As members of the G-20, the BRICS countries played an important part in pulling the world economy back from the precipice after the 2008 crisis. They did this by maintaining the momentum of their own economic growth through the implementation of large rescue packages and by exerting pressure on the G-20 to mobilise additional resources, a large part of which went to developing countries. In the process, the resources of the IMF were enhanced from $250 billion to $750 billion and for the first time after the early 1970s, a general allocation of supplementary drawing rights was made. This brought closer to reality the long-cherished ambition of vastly enhancing the IMF’s resources to enable it to play its mandated role in the international monetary system and to create an international reserve currency as an alternative to the dollar.
The crisis also triggered intensive discussion on reform. Progress was made in reaching an agreement in 2009 on restructuring IMF quotas by bringing about a shift of 5 per cent from over-represented to under-represented member countries, thus raising the latter’s total quota to 48 per cent. This agreement, which is subject to ratification, has been languishing in the US Congress for the last five years. As a result, the next review of quotas, scheduled for January 2013 in order to further democratise the decision-making process inside the IMF, has been indefinitely postponed. Other reform proposals were never seriously pursued.

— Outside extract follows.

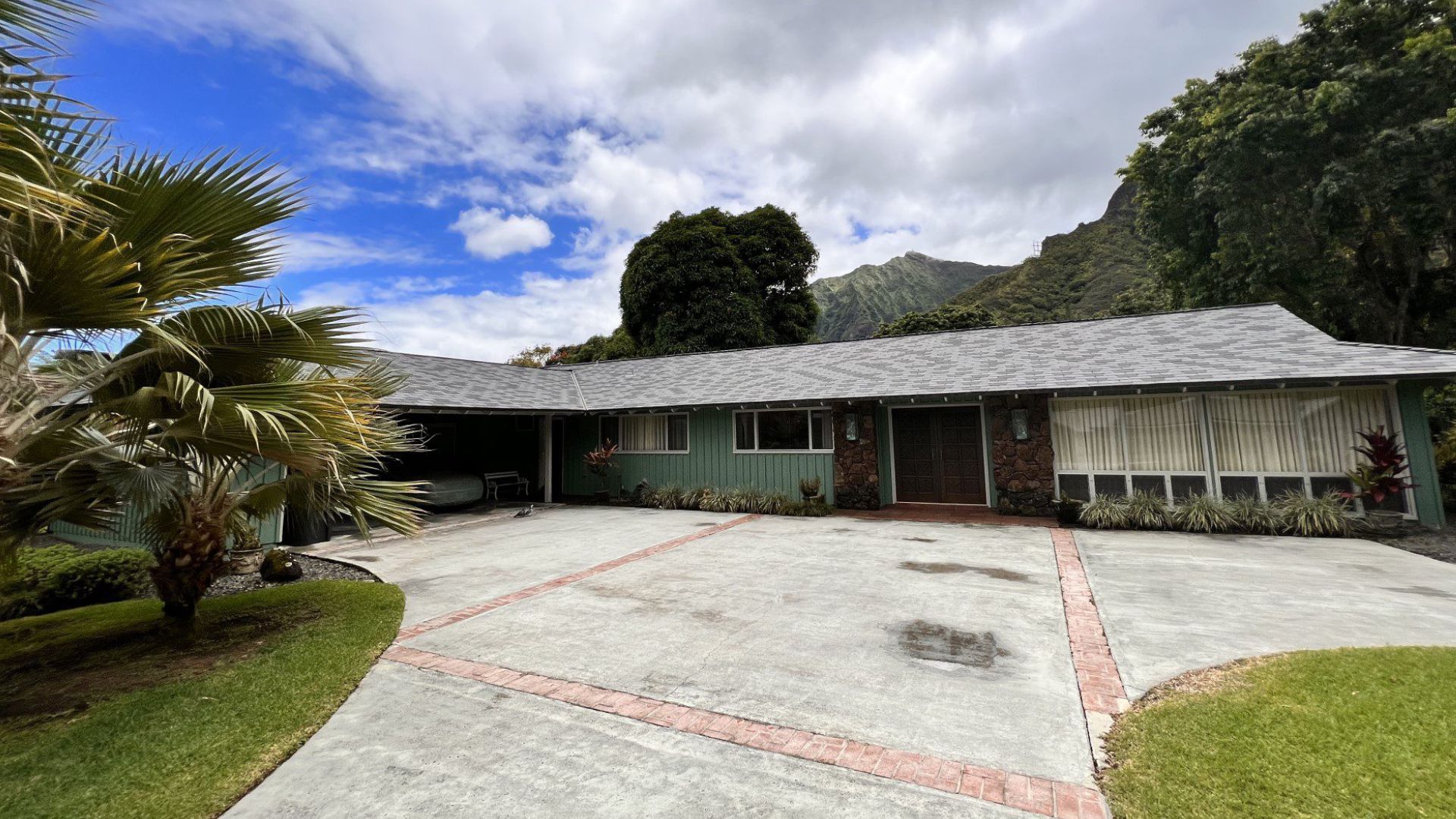House with green siding and a concrete driveway, nestled in lush greenery under a cloudy sky.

In this context, the initiative of the BRICS countries to establish a BRICS Development Bank (BDB) and put in place a contingency reserve arrangement (CRA) is significant. At their last summit in Durban, they agreed in principle to establish this institution. Now, an agreement has been reached on the objectives, functions, size of capital subscription, distribution among member countries, governance structure and operational mechanisms. It is hoped that the few differences that remained would have been resolved, and this initiative will be formally launched at the summit in Brazil.
There seems to be agreement that the BDB will have a total capital subscription of $50 billion, shared equally by the five member countries. Of this, the paid-up capital would be $10 billion. The initial capital of the CRA will be $100 billion, to be paid on call and not in advance. China’s share will be $41billion, that of Brazil, India and Russia, $18 billion each, and South Africa’s, $5 billion. The BDB will finance infrastructure and sustainable development projects of the BRICS and other emerging countries. The CRA will meet their short-term liquidity needs and forestall short-term liquidity pressure, strengthen financial stability and stabilise domestic currency. The fact that beneficiary countries will have access to an additional source of funding to tide over financial crises will increase investor confidence in their economies.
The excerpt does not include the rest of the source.